Secrecy may remain for 2020 municipal election spending, despite promised reform
Elections New Brunswick says it would be 'extremely challenging' to implement new rules in time
Secrecy may again surround municipal election campaign contributions, despite a provincial pledge to introduce new rules forcing transparency for the May 2020 vote.
"From the perspective of Elections New Brunswick, the rules that were in place for candidates in 2016 are the same as they will be for May of 2020," Paul Harpelle, a spokesperson for Elections New Brunswick, said Tuesday.
There are no limits on how much municipal election candidates can spend on their campaigns or any requirement they disclose who donated funds.
The former Liberal government introduced and passed legislation to limit spending and require disclosure of contributors. A January 2018 news release said the rules would be in place for May 2020.
"We had committed to exploring appropriate limits and public disclosure of spending and donations for municipal elections, and we got it done," Serge Rousselle, then-minister of environment and local government, said in the release.
Rousselle told a legislature committee in January 2018 the goal was to finish regulations setting out the new rules as early as possible to give Elections New Brunswick time to prepare to implement them.
Harpelle said it would be "extremely challenging" for the agency that administers municipal elections around the province to properly prepare materials and training for candidates on the new rules in time for the vote at this point.
CBC News requested an interview last week with Jeff Carr, the minister of environment and local government. An interview was not provided.
In a statement Tuesday, Tyler Campbell, an executive council spokesperson, blamed the former Liberal government for not implementing regulations before the September 2018 provincial election.
With the municipal election less than a year away, Campbell said there are "considerable time constraints" to bring the rules forward in time. The statement did not say whether the government intends to do so.
Liberal MLA Keith Chiasson, who served as Rousselle's executive assistant for four years, said his understanding was that the department was close to finishing regulations in August before the provincial election.
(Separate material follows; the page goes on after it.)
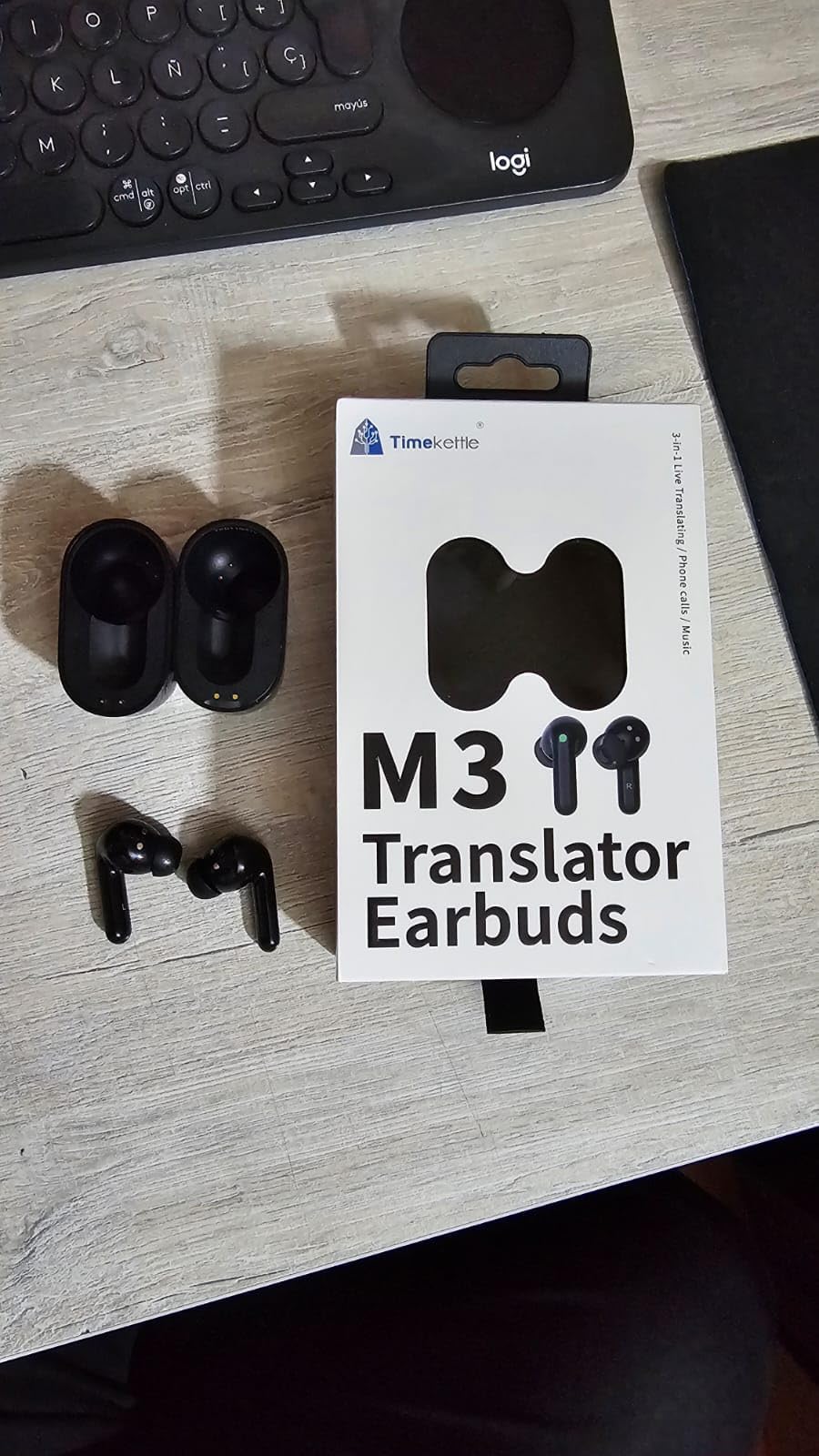 Timekettle M3 Language Translator Earbuds, Two-Way Translator Device with APP for 40 Languages Online, Voice Translator for Exploring Expat Life Freely, Compatible with iOS, Android (Online Version) - Customer Photo 1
"Why they are hesitating I have no idea," Chiasson said of the Progressive Conservative government of Blaine Higgs. "I think it's something that's very important and time, I think, is of the essence because elections are coming up very shortly."
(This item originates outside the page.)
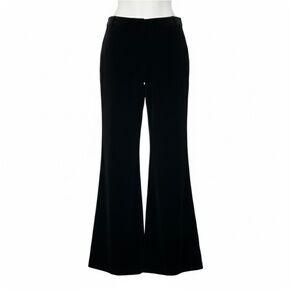 J. Crew Women’s City Fit Velvet Wide Leg Pants Sz 10 Black Relaxed Luxury Chic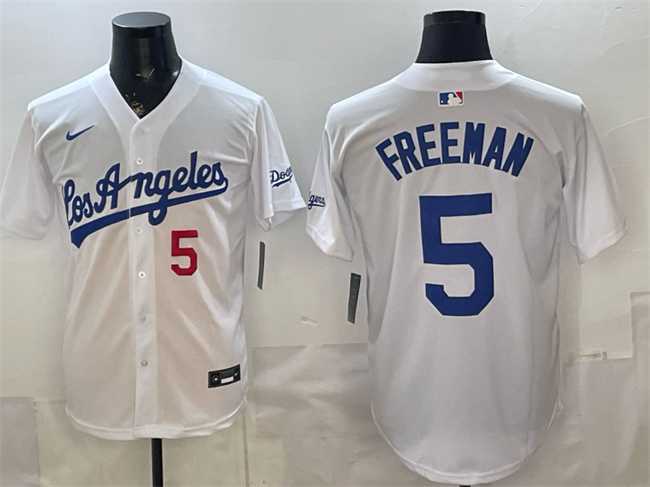 Mens Los Angeles Dodgers #5 Freddie Freeman White Alternate Stadium Stitched Jersey->los angeles dodgers->MLB Jersey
The long-sought rules would bring the province in line with other provinces that mandate financial disclosure. Candidates in provincial and federal elections are also subject to campaign finance limits and disclosure.
New Brunswick is one of four jurisdictions without municipal financial reporting requirements. The others are Prince Edward Island, Yukon and Nunavut.
There have been long-standing calls for transparency, including ahead of municipal elections in 2008, 2012 and 2016.
Brian Hicks, a longtime city councillor in Moncton, said councils regularly vote to award contracts worth millions of dollars and make decisions that affect businesses in the community.
"It's still important for taxpayers to know if anyone contributed to their campaign, and if so, how much," Hicks said.
Hicks said he spent about $5,000 of his own money in a 2018 byelection, and he didn't take contributions.
The rules were being developed in consultation with municipal government associations.
Margot Cragg, executive director of the Union of Municipalities of New Brunswick, said the group told the province the rules should account for varying community sizes and avoid creating undue barriers for candidates running for office.
"Campaign finance rules can provide greater transparency and accountability and create a level playing for candidates, and that's a really good thing," Cragg said.
"But you can't just copy and paste the rules for the federal and provincial elections to the municipal level. So if the province is taking the time to get it right, that's a good thing."